CRÓNICA DA CULTURA
A cova de um dente de Deus
Sendo sempre possível reinventar as nossas liberdades e o modo de nos organizarmos, qual a razão que impede que os nossos quadros de referência sofram metamorfoses?
Os princípios fundamentais podem estar a revelar aspetos da realidade em que vivemos, que ainda têm sido ignorados, como se não tivessem ocorrido eventos, avanços mesmo, nas áreas das ciências físicas, ou nas criações artísticas que já deviam ter implicado uma recalibração da atenção à narrativa convencional da nossa civilização.

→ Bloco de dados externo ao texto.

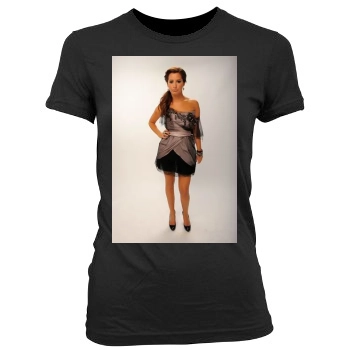 Ashley Tisdale Women's Junior Cut Crewneck T-Shirt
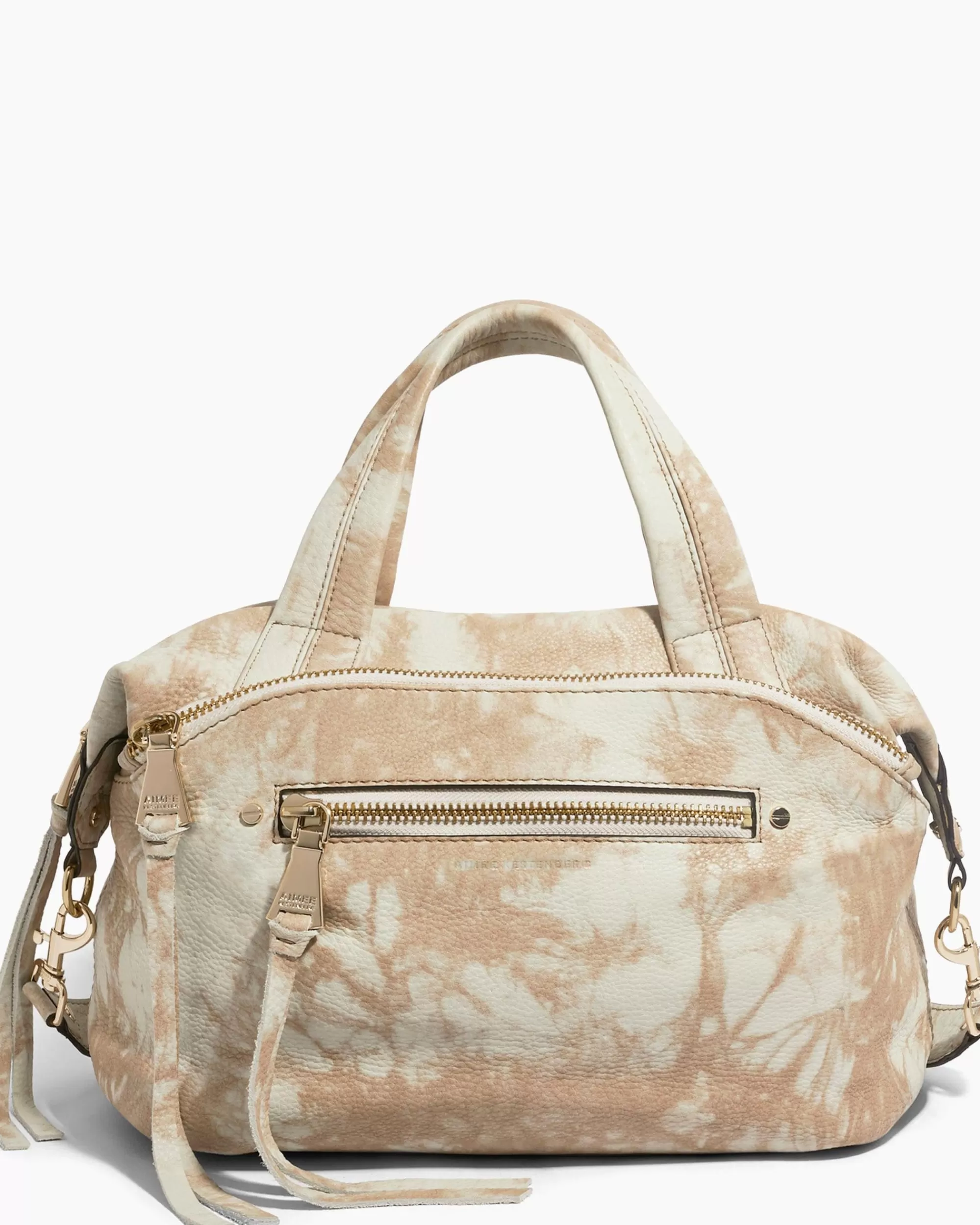 Aimee Kestenberg Satchels-Night Is Young Satchel Oat Tie Dye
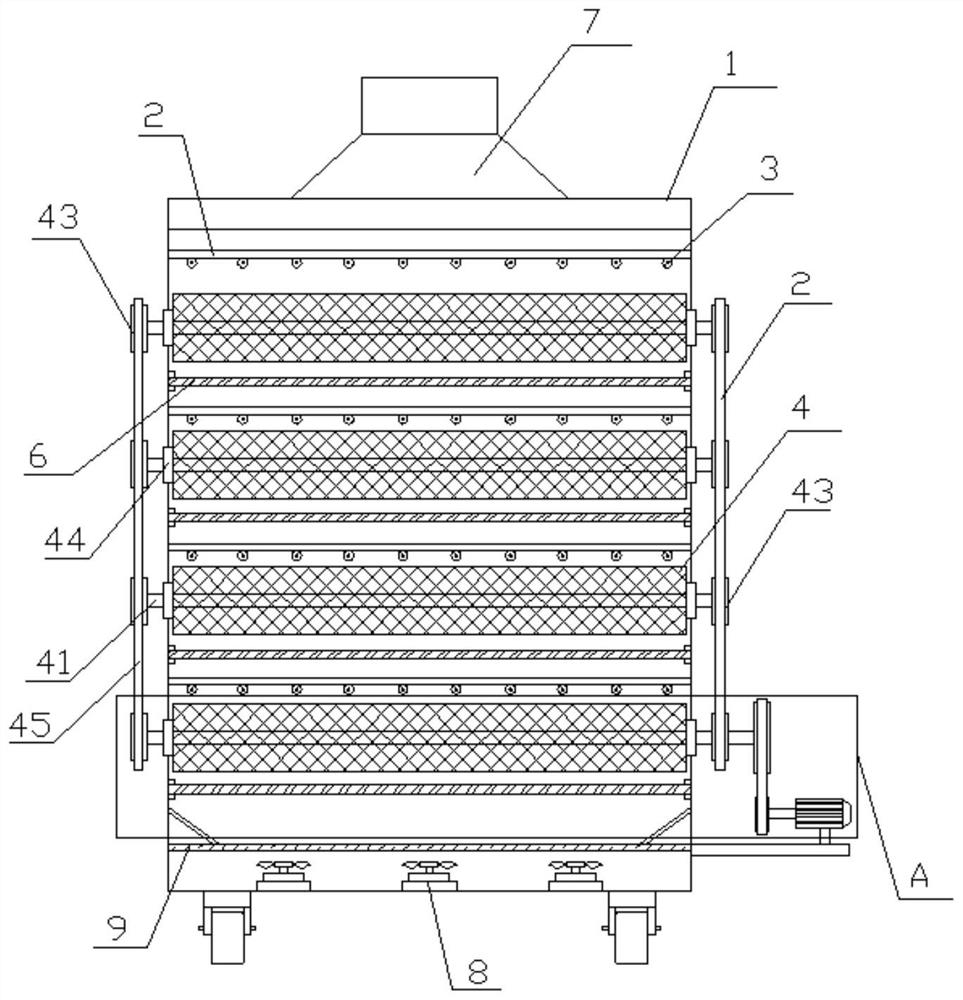 Black tea sunlight withering equipment with adjustable illumination intensity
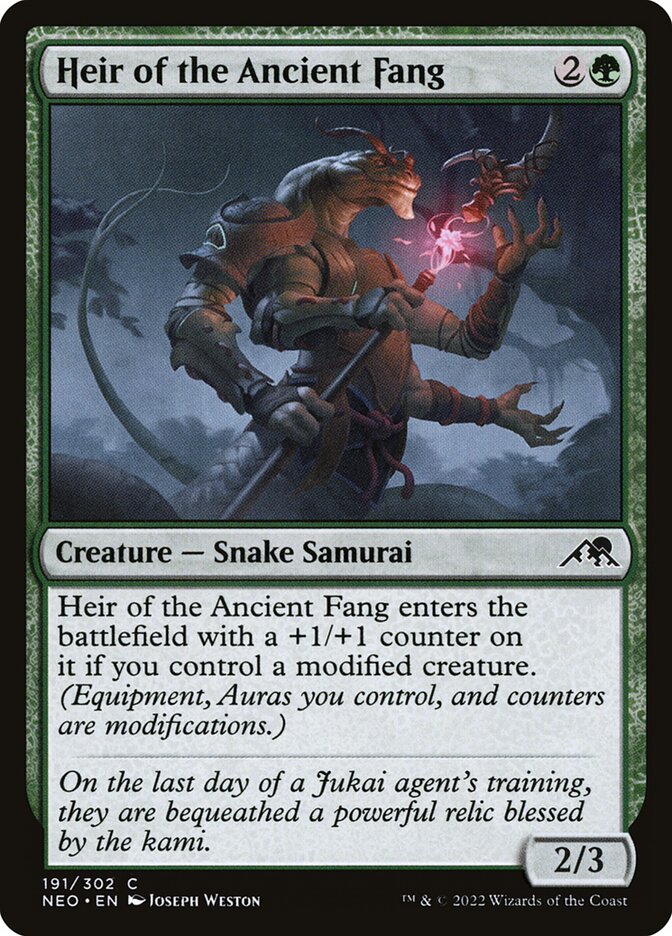 Heir of the Ancient Fang card front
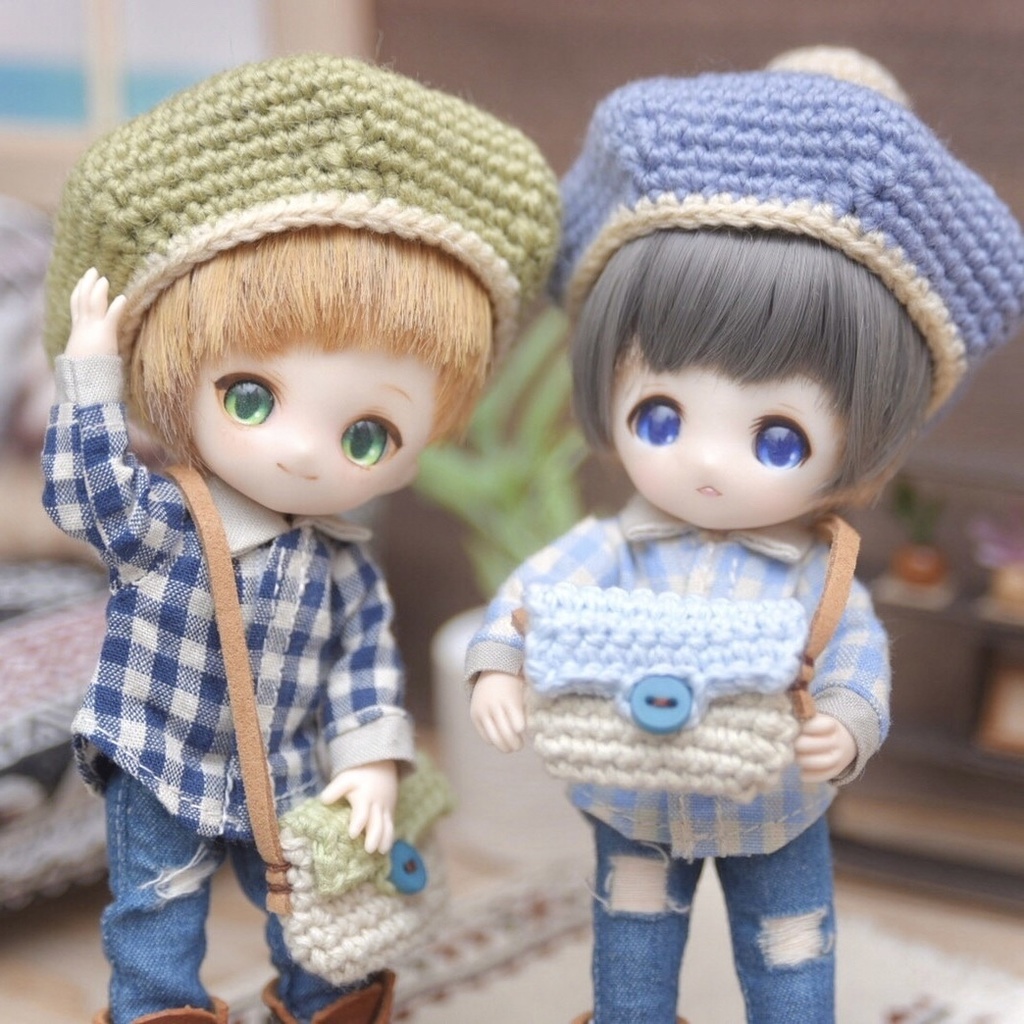 オビツ11 手編みバッグ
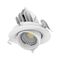SCOOP-13 Round 13W Adjustable LED Dimmable Downlight - White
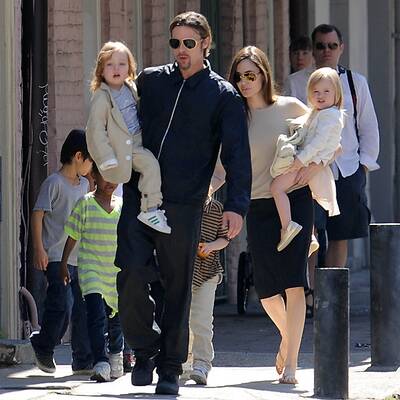 Brad, Angie und die Kids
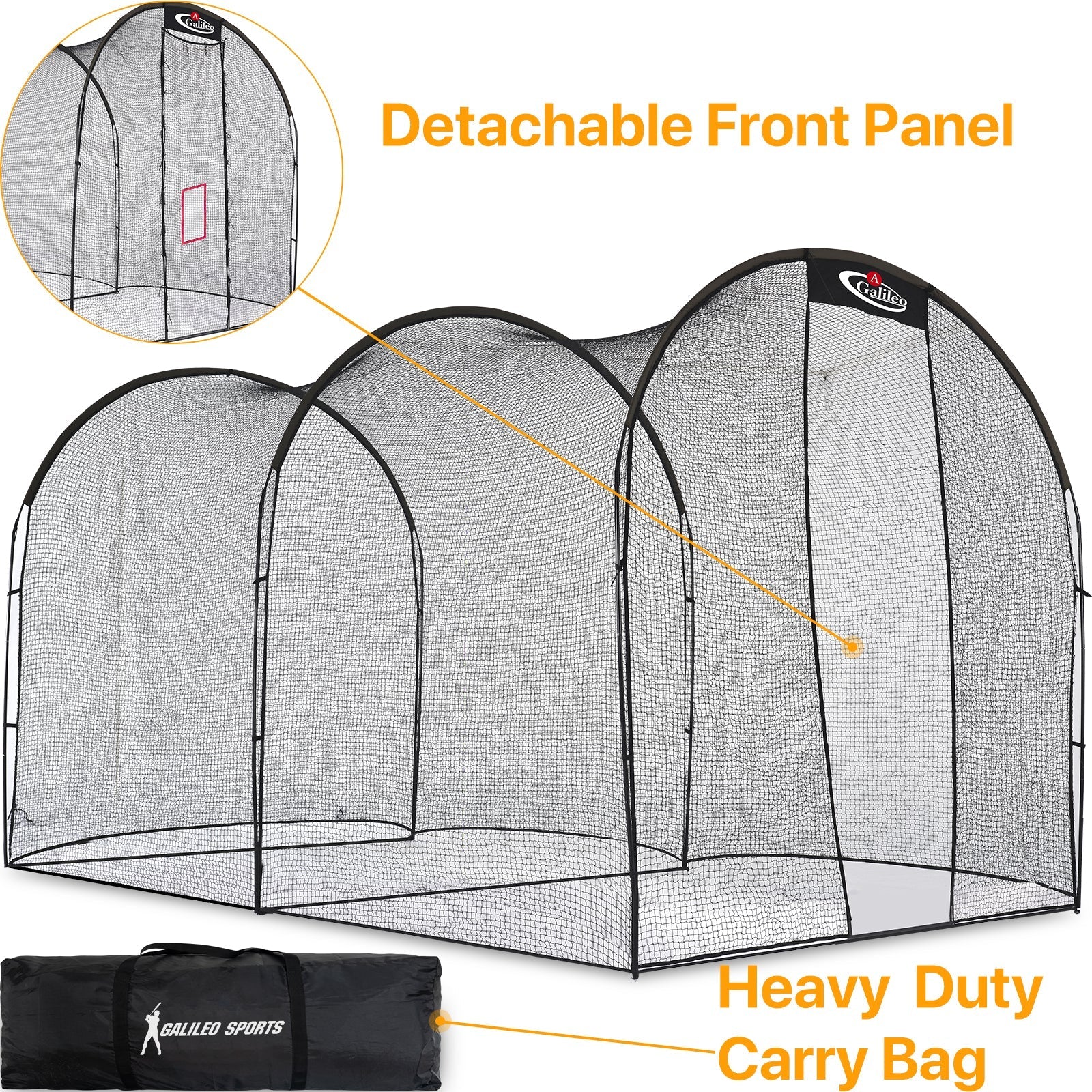 Kapler Sports Baseball Cage 16X10X10ft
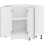 Berkfield Kitchen Corner Base Cabinet Lucca Smoked Oak Engineered Wood 6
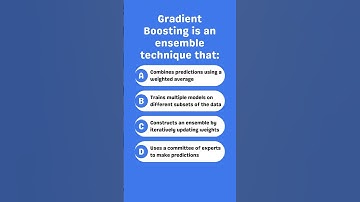 Gradient Boosting is an ensemble technique that:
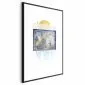 Plakat Antarktyda 40x60cm z ramą czarną z marginesem | MIRAT.  kolekcja k-C-0091-ao-a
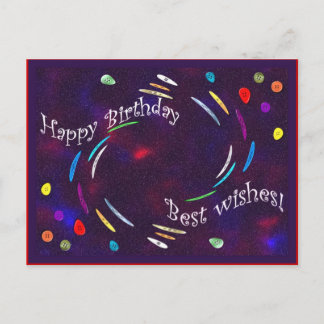 Postal ¡Botones de cumpleaños!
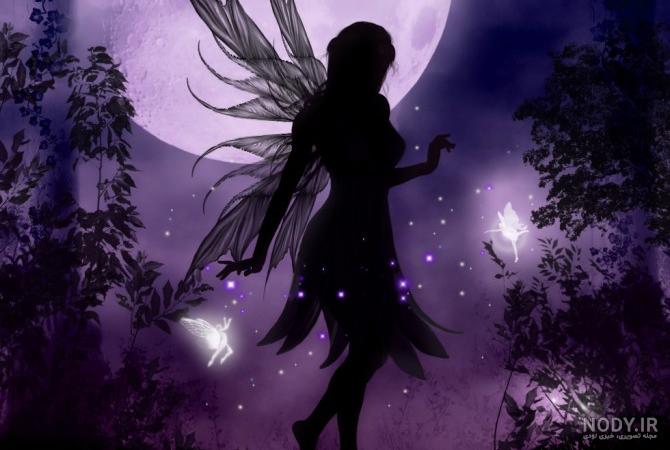 عکس ماه و دختر تنها - عکس نودی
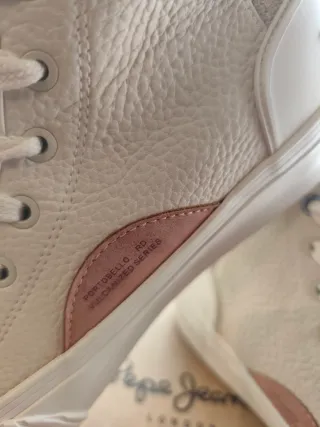 Botines Pepe Jeans Beige y Blanco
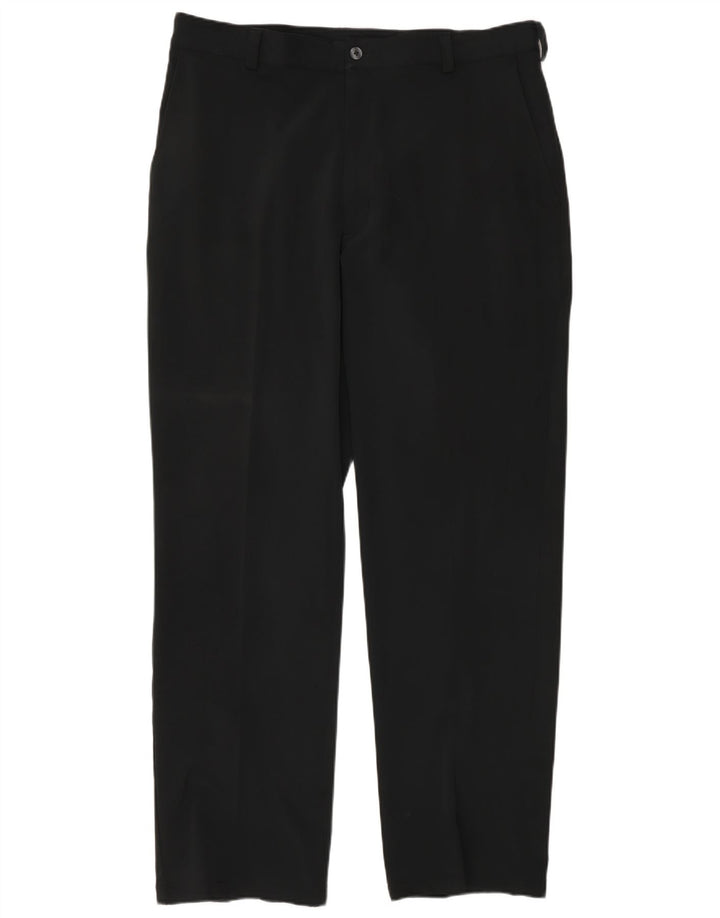 Nike Mens Golf Straight Chino Trousers W36 L32 Black Polyester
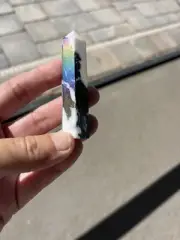 Aura Zebra Stone Crystal Point Tower 3.2”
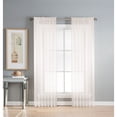 thumbnail image 1 of Diamond Sheer Voile Curtain Panels, 1 of 5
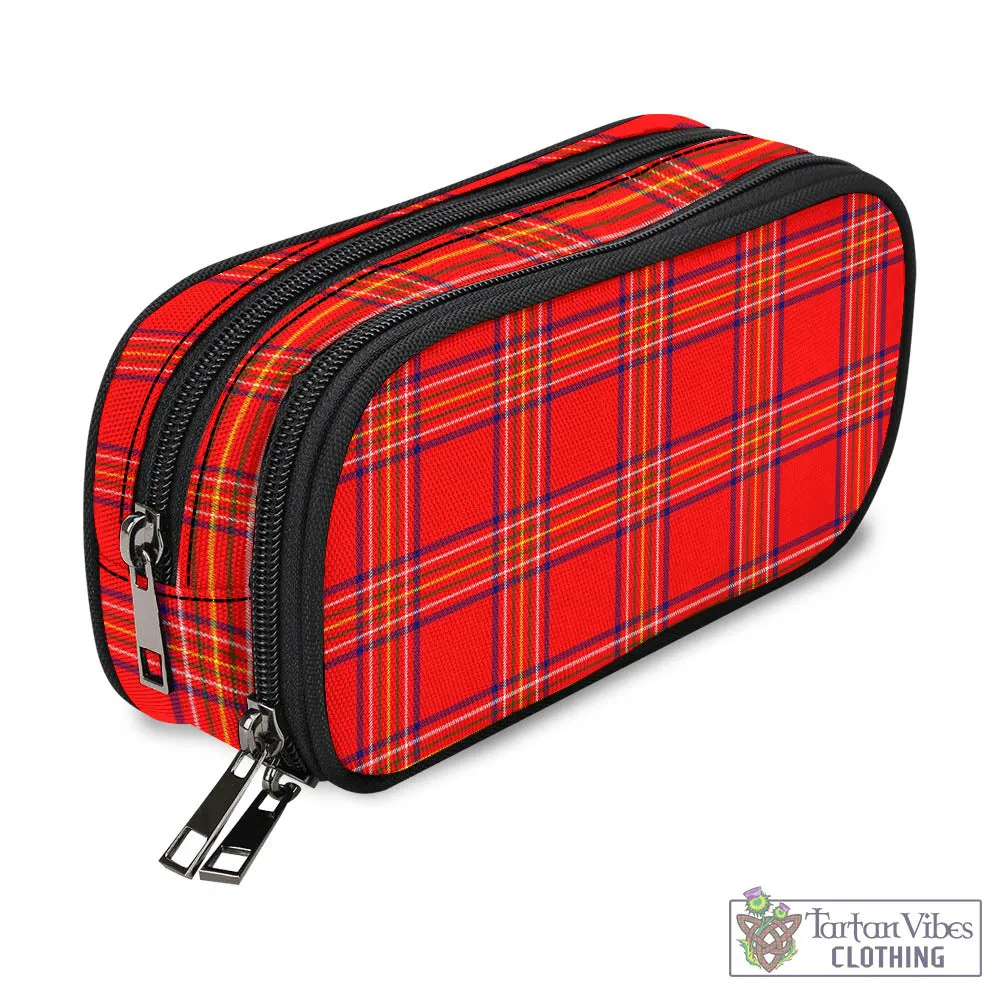 Burnett Modern Tartan Pen and Pencil Case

Com efeito, continuamos a viver de acordo com conceções, afinal desadequadas, das que levariam a um maior bem-estar da sociedade humana, onde se permanece a registar a escravização, o genocídio, a indiferença face ao sofrimento, como se a única possibilidade de alterar esta terrível forma de obrigar os seres à sujeição, de uma tida por natural desigualdade e infelicidade, não pudesse existir fora das possibilidades de intervenção, que, até hoje não assumimos, e até hoje falhámos.
Afinal de contas, a nossa forma de olhar para o passado, parece concebida ao objetivo de uma mesma interpretação, descuidando contextos.
Quem sabe, se um futuro desconhecido no presente dos dias - se dele quisermos saber como estrada -, não implicará, afinal a recusa dos desfechos inevitáveis das realidades do sofrer que se têm vindo a aceitar, e enfim, seja por aí o início do encher da cova de um dente de Deus.